Voltando le spalle a quello che un tempo era un altare, ora sito per la diffusione di audiovisivi artistici contemporanei, guardando l’uscita, Gomez vuole regalare un’ultima perla, il costrutto di un’opera affissa, che risulta difficile non attiri l’attenzione dalla coda dell’occhio. Un suo dipinto che inconfutabilmente rievoca la poetica di Dalì, che quasi certamente instillò nell’artista l’indole estetica.
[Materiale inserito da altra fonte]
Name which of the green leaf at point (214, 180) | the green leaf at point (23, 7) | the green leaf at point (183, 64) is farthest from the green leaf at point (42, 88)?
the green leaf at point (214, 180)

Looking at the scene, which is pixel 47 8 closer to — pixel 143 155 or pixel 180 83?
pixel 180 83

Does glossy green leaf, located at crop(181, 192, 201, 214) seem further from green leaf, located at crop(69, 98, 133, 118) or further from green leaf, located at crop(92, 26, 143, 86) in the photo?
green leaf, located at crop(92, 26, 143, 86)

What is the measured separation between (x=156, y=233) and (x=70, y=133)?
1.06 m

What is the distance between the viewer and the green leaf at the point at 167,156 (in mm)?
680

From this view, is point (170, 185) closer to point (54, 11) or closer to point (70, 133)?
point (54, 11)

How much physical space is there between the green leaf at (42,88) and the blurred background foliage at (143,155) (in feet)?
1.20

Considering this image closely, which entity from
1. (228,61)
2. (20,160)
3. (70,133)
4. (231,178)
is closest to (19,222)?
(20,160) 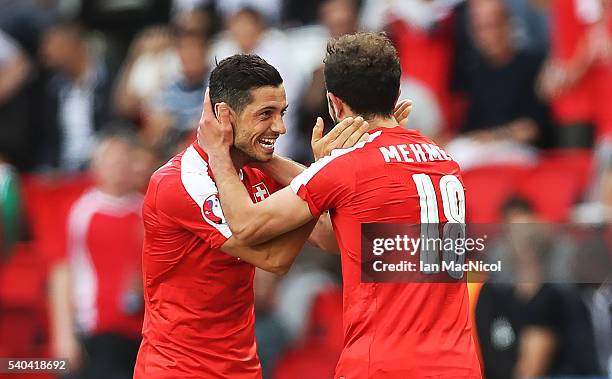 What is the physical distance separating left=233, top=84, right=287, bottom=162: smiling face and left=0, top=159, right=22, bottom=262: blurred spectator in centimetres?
523

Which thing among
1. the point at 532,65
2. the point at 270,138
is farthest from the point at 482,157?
the point at 270,138

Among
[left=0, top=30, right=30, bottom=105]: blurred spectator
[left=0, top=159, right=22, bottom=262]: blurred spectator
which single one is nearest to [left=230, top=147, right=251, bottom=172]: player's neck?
[left=0, top=159, right=22, bottom=262]: blurred spectator

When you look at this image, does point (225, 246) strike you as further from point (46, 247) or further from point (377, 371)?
point (46, 247)

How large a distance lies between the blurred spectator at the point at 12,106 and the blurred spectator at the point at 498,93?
4.38 metres

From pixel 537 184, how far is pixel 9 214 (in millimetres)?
4327

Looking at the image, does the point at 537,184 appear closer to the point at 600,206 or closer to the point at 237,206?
the point at 600,206

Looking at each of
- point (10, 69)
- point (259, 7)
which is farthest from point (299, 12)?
point (10, 69)

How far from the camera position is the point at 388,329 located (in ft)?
15.8

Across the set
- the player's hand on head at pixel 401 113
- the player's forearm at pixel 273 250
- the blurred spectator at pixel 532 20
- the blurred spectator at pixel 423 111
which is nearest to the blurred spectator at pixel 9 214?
the blurred spectator at pixel 423 111

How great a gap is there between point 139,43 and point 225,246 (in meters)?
7.52

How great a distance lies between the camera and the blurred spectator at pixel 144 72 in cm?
1174

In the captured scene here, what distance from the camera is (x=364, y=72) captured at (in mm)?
4930

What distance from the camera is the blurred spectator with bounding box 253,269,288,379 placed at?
28.7 feet

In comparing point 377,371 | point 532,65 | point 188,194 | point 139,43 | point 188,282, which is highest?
point 139,43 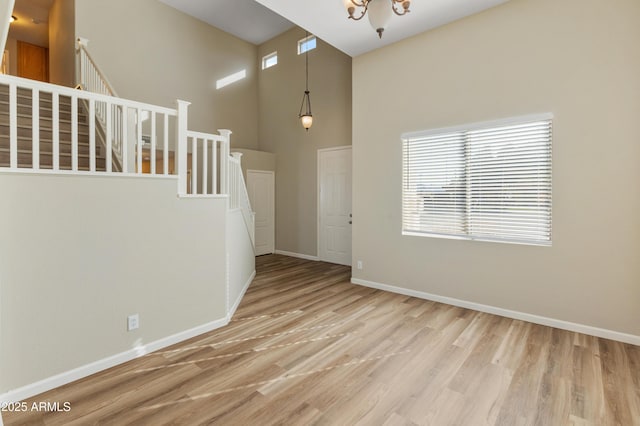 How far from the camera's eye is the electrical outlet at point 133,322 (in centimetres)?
256

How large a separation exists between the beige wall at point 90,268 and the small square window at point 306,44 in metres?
5.11

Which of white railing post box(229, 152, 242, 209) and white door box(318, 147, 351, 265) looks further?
white door box(318, 147, 351, 265)

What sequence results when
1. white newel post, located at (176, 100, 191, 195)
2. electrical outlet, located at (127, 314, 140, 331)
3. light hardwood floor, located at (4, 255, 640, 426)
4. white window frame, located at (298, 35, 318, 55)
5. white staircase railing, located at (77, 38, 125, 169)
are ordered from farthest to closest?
white window frame, located at (298, 35, 318, 55) < white staircase railing, located at (77, 38, 125, 169) < white newel post, located at (176, 100, 191, 195) < electrical outlet, located at (127, 314, 140, 331) < light hardwood floor, located at (4, 255, 640, 426)

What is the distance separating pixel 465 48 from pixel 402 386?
3838mm

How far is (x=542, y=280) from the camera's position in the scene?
3.26 metres

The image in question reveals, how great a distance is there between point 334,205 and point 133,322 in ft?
14.4

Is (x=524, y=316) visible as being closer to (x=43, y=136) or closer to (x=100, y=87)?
(x=43, y=136)

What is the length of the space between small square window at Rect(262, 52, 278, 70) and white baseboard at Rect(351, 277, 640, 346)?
19.8 ft

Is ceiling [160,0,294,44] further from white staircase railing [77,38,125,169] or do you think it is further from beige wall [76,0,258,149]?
white staircase railing [77,38,125,169]

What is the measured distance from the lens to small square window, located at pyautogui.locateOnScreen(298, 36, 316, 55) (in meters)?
6.54

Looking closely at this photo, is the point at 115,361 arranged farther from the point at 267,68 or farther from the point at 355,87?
the point at 267,68

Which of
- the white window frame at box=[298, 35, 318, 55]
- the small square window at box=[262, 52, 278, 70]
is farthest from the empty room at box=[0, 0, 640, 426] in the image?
the small square window at box=[262, 52, 278, 70]

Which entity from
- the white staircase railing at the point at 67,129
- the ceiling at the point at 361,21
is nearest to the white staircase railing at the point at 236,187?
the white staircase railing at the point at 67,129

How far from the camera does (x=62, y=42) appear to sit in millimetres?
5816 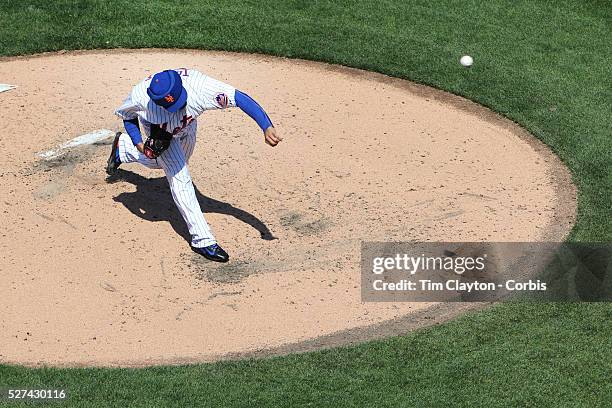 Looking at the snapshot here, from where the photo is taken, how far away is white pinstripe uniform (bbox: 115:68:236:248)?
33.8 ft

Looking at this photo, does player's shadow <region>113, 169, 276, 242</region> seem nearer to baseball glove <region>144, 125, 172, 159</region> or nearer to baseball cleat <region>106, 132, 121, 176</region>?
baseball cleat <region>106, 132, 121, 176</region>

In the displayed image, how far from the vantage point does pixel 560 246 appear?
35.7 ft

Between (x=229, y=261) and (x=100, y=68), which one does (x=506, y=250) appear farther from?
(x=100, y=68)

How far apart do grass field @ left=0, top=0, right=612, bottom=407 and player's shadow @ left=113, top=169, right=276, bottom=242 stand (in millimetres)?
2458

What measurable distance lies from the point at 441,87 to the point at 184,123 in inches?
189

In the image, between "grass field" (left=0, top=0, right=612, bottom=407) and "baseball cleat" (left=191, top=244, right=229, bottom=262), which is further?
"baseball cleat" (left=191, top=244, right=229, bottom=262)

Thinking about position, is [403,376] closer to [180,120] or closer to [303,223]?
[303,223]

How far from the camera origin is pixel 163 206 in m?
11.7

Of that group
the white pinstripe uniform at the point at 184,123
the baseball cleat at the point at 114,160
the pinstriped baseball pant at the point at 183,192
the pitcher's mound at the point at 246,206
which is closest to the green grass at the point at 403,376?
the pitcher's mound at the point at 246,206

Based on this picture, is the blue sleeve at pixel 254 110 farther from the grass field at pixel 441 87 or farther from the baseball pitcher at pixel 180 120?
the grass field at pixel 441 87

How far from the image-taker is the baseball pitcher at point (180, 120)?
10.1 meters

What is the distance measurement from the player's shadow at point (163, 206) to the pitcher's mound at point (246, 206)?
0.02m

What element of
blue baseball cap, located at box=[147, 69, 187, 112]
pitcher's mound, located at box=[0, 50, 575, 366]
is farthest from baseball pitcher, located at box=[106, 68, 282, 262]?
pitcher's mound, located at box=[0, 50, 575, 366]

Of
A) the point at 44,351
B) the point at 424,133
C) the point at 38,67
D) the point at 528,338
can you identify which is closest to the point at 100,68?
the point at 38,67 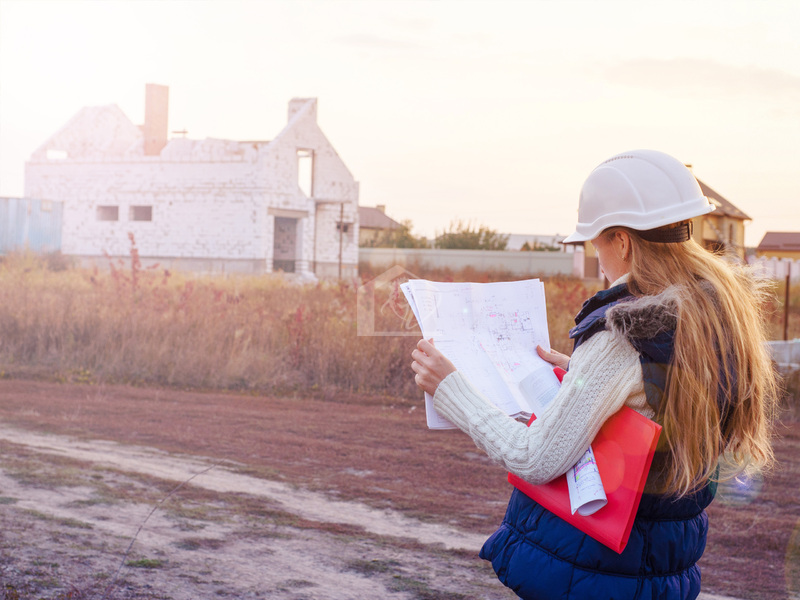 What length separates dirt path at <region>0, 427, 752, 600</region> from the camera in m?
3.76

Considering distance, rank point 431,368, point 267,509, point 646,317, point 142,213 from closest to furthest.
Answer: point 646,317
point 431,368
point 267,509
point 142,213

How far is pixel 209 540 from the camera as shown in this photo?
174 inches

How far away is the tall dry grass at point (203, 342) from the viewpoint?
A: 10.1 m

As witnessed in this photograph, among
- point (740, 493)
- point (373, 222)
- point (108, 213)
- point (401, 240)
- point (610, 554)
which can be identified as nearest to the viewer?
point (610, 554)

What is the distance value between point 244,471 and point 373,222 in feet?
197

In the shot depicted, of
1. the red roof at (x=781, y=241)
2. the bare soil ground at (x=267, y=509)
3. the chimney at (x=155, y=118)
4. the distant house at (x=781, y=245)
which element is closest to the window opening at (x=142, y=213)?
the chimney at (x=155, y=118)

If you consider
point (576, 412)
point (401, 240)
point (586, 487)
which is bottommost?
point (586, 487)

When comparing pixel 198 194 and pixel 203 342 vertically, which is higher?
pixel 198 194

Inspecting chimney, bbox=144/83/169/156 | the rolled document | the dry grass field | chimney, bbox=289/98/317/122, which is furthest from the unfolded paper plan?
chimney, bbox=144/83/169/156

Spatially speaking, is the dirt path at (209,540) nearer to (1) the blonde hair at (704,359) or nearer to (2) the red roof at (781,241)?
(1) the blonde hair at (704,359)

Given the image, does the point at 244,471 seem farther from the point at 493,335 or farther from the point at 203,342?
the point at 203,342

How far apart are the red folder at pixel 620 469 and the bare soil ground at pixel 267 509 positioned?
2.30 meters

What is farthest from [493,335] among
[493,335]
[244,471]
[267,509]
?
[244,471]

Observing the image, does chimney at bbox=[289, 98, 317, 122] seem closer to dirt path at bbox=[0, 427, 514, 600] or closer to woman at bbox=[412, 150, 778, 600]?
dirt path at bbox=[0, 427, 514, 600] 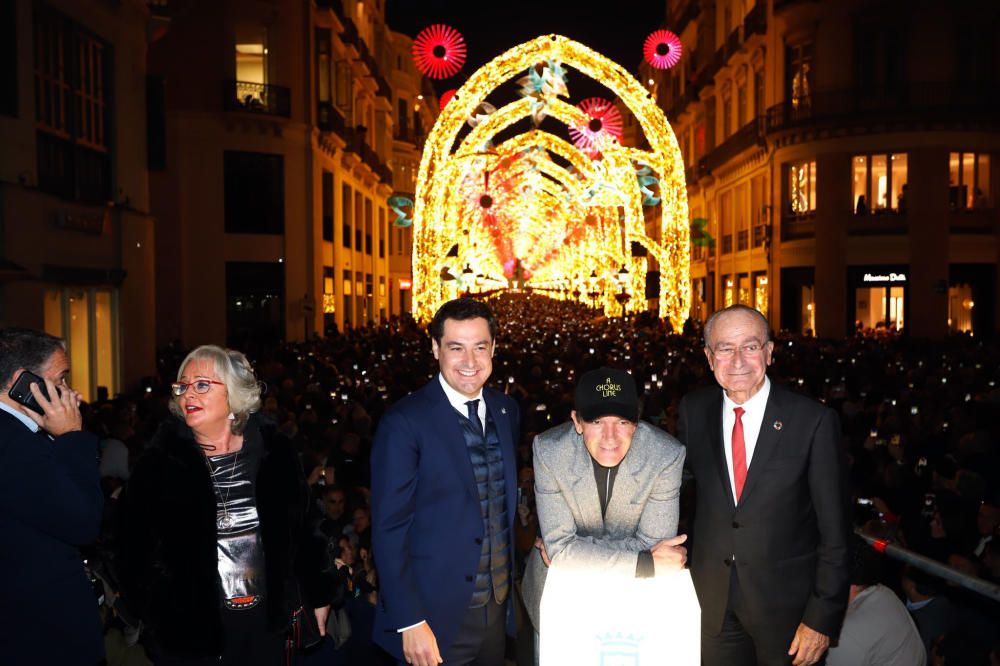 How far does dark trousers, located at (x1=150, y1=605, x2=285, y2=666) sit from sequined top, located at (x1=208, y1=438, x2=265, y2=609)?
0.17 ft

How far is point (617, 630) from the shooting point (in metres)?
3.06

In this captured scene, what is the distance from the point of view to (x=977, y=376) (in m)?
14.5

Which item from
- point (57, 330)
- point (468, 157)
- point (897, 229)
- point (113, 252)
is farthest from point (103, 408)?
point (897, 229)

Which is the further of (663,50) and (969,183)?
(969,183)

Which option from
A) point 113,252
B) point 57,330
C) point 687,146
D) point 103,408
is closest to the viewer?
→ point 103,408

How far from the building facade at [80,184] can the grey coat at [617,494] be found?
36.2 ft

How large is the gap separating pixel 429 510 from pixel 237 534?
88 cm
“L’opera La persistenza della memoria fu ispirata da una fetta di camembert che si adagiava morbidamente dal suo contenitore, dal quale strabordava, sul tavolo. Il piatto su questa tela rappresentato richiama non esclusivamente l’immaginario dell’orologio famoso di Dalì evocativo della persistenza della memoria. Una sera il Maestro doveva andare a teatro con Gala dopo cena. Rinunciò alla serata, mentre la sua compagna decise di uscire, lasciandolo a casa da solo. Mentre era da solo a casa, osservava la tavola imbandita sulla quale avevano cenato. Un fetta di camembert, uscendo dal piatto, si stava lentamente appoggiando alla tovaglia. Ebbe l’illuminazione! Decise come completare un’opera che aveva già iniziato da tempo, che terminò nelle due ore seguenti. Quel camembert diventò il suo ben noto orologio. Ho voluto riprendere nella mia rappresentazione proprio l’idea del piatto che lo indirizzo alla maieutica e dargli la forma della persistenza della memoria.”